**TASK INSTRUCTIONS:** Taking the entries below, transcribe only the lines starting with the one with "豆角是直播好还是育苗好，二者均有优点" and going on through the one with "Gray-and-gold Warbler (Basileuterus", exactly as written, without the pictures.

**DATA EXTRACT:**
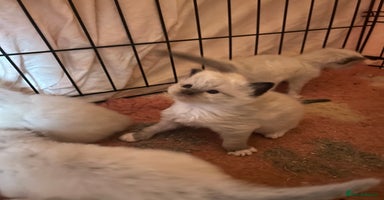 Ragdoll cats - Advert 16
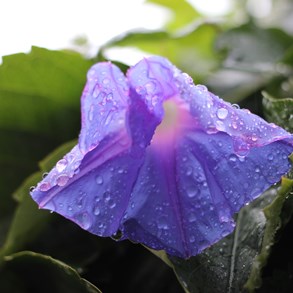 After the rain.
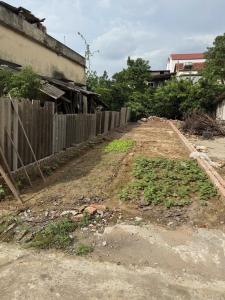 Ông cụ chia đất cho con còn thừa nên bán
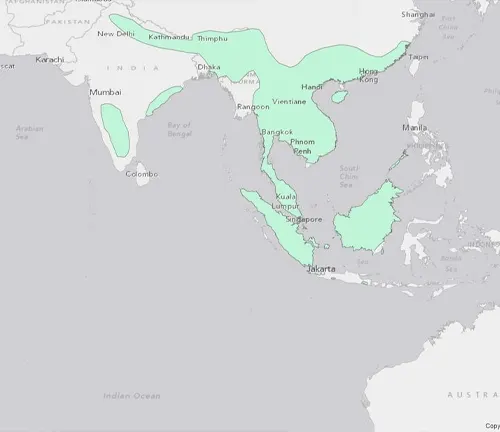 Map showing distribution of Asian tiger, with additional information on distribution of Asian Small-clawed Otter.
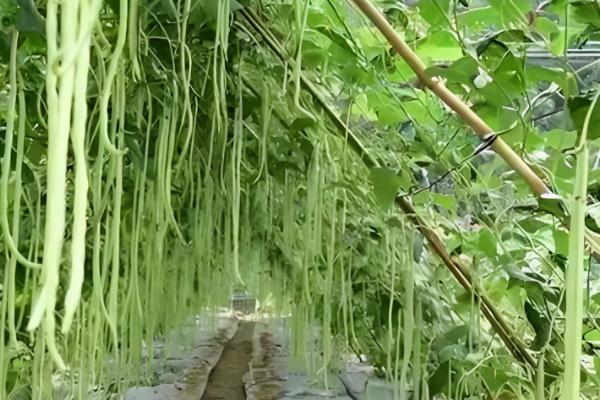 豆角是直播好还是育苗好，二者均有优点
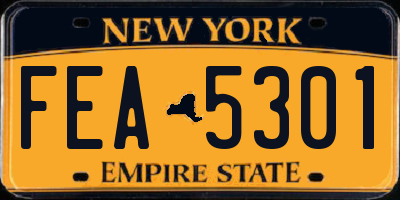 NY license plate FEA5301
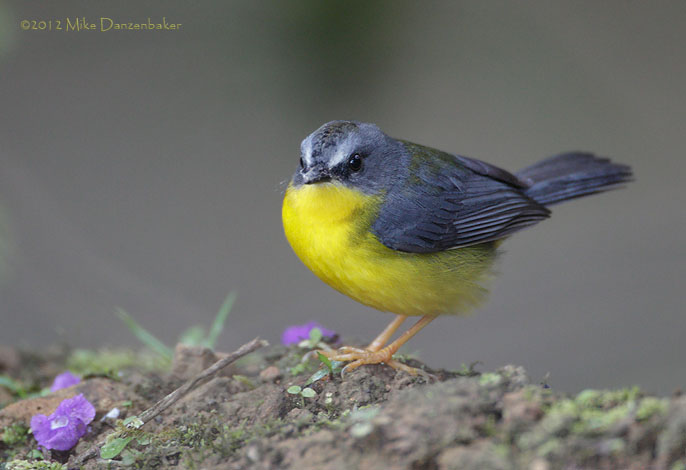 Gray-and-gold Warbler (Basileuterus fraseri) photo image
* * *
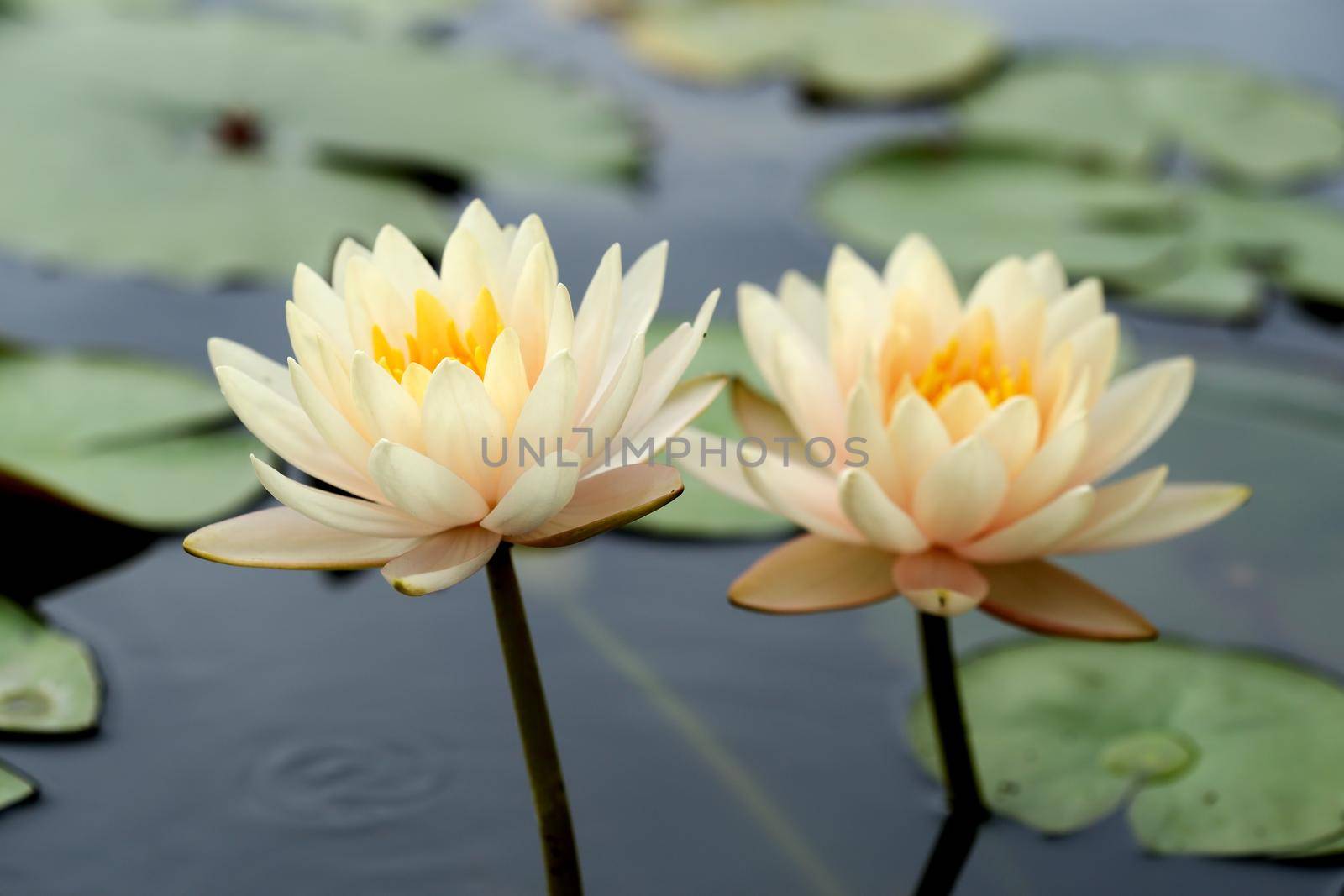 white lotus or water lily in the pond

**RESPONSE:**
 豆角是直播好还是育苗好，二者均有优点
 NY license plate FEA5301
 Gray-and-gold Warbler (Basileuterus fraseri) photo image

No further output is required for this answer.